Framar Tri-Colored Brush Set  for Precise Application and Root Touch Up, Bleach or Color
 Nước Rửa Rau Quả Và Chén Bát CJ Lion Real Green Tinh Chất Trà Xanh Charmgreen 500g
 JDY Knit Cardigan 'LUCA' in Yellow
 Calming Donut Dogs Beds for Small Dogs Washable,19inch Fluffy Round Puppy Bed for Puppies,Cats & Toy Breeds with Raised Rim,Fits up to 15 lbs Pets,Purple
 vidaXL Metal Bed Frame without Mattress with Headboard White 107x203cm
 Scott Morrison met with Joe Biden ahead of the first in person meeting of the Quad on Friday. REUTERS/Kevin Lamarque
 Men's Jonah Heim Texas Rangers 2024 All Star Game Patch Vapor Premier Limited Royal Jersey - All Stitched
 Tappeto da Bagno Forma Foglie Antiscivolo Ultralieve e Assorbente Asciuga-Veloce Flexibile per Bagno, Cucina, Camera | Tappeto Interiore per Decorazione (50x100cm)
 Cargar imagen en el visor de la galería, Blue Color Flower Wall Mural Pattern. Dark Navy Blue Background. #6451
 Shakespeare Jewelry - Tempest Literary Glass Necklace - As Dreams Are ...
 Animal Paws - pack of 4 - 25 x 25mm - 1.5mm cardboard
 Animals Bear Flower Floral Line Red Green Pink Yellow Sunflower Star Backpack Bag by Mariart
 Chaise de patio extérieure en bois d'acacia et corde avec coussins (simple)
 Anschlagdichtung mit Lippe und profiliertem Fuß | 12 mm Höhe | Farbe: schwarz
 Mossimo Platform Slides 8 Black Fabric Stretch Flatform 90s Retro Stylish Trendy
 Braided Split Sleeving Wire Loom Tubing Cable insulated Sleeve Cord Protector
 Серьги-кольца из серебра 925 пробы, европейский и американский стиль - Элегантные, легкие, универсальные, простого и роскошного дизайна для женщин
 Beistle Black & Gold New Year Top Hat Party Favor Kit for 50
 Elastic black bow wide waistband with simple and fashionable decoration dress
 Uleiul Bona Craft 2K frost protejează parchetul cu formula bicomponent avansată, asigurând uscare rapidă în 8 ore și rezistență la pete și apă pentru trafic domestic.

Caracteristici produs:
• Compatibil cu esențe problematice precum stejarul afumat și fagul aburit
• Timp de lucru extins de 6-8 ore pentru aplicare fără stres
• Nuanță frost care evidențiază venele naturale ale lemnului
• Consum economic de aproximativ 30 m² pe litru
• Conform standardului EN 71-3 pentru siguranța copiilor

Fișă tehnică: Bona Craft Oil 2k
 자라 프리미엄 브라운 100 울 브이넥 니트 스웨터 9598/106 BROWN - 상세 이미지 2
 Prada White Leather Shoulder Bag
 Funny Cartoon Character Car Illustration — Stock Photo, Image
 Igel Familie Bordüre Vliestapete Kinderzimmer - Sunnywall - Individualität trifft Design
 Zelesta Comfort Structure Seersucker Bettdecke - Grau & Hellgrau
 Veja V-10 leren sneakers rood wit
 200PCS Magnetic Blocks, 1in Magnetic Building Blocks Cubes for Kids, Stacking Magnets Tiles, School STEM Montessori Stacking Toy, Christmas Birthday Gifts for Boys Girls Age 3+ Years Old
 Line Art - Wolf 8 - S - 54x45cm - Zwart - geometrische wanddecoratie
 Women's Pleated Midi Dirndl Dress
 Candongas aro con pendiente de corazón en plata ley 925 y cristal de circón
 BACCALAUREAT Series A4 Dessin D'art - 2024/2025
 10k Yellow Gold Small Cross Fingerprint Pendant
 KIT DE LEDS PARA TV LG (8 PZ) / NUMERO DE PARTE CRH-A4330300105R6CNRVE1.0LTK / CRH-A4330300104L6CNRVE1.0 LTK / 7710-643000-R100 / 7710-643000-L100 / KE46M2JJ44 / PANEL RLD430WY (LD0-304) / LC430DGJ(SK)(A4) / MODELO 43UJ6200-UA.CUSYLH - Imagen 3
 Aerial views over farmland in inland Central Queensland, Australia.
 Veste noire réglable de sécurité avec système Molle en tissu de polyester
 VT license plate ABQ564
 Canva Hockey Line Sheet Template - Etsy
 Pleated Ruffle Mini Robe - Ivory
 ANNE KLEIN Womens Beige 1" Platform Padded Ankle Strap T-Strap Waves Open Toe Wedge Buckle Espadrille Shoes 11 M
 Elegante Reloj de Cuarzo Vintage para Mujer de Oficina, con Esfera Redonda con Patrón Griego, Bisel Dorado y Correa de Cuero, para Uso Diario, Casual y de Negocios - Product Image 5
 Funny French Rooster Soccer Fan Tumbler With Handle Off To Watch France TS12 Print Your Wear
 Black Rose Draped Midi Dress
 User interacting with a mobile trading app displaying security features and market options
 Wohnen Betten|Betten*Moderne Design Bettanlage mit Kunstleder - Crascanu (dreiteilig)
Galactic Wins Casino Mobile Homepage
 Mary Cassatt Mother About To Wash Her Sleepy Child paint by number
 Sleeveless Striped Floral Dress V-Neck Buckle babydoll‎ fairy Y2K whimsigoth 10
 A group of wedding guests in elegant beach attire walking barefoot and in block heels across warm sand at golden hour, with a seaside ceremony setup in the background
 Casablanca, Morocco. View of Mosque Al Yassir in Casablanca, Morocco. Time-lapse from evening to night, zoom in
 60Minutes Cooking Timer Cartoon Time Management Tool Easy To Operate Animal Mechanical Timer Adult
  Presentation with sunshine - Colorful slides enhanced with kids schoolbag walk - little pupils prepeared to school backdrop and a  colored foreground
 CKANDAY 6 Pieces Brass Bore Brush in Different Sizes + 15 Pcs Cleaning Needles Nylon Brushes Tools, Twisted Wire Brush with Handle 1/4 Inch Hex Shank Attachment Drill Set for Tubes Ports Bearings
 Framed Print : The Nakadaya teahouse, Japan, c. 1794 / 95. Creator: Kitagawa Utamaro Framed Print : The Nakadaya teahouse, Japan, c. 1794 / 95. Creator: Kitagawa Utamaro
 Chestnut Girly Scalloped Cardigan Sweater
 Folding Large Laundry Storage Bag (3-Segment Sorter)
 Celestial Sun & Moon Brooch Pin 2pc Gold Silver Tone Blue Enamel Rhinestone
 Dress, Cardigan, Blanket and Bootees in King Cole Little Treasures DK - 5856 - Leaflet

______

• **REQUIRED WORK**
Within the data above, filter for lines containing the word "Cardigan" and copy each one.

• **RESULT FOR THIS EXERCISE**
 JDY Knit Cardigan 'LUCA' in Yellow
 Chestnut Girly Scalloped Cardigan Sweater
 Dress, Cardigan, Blanket and Bootees in King Cole Little Treasures DK - 5856 - Leaflet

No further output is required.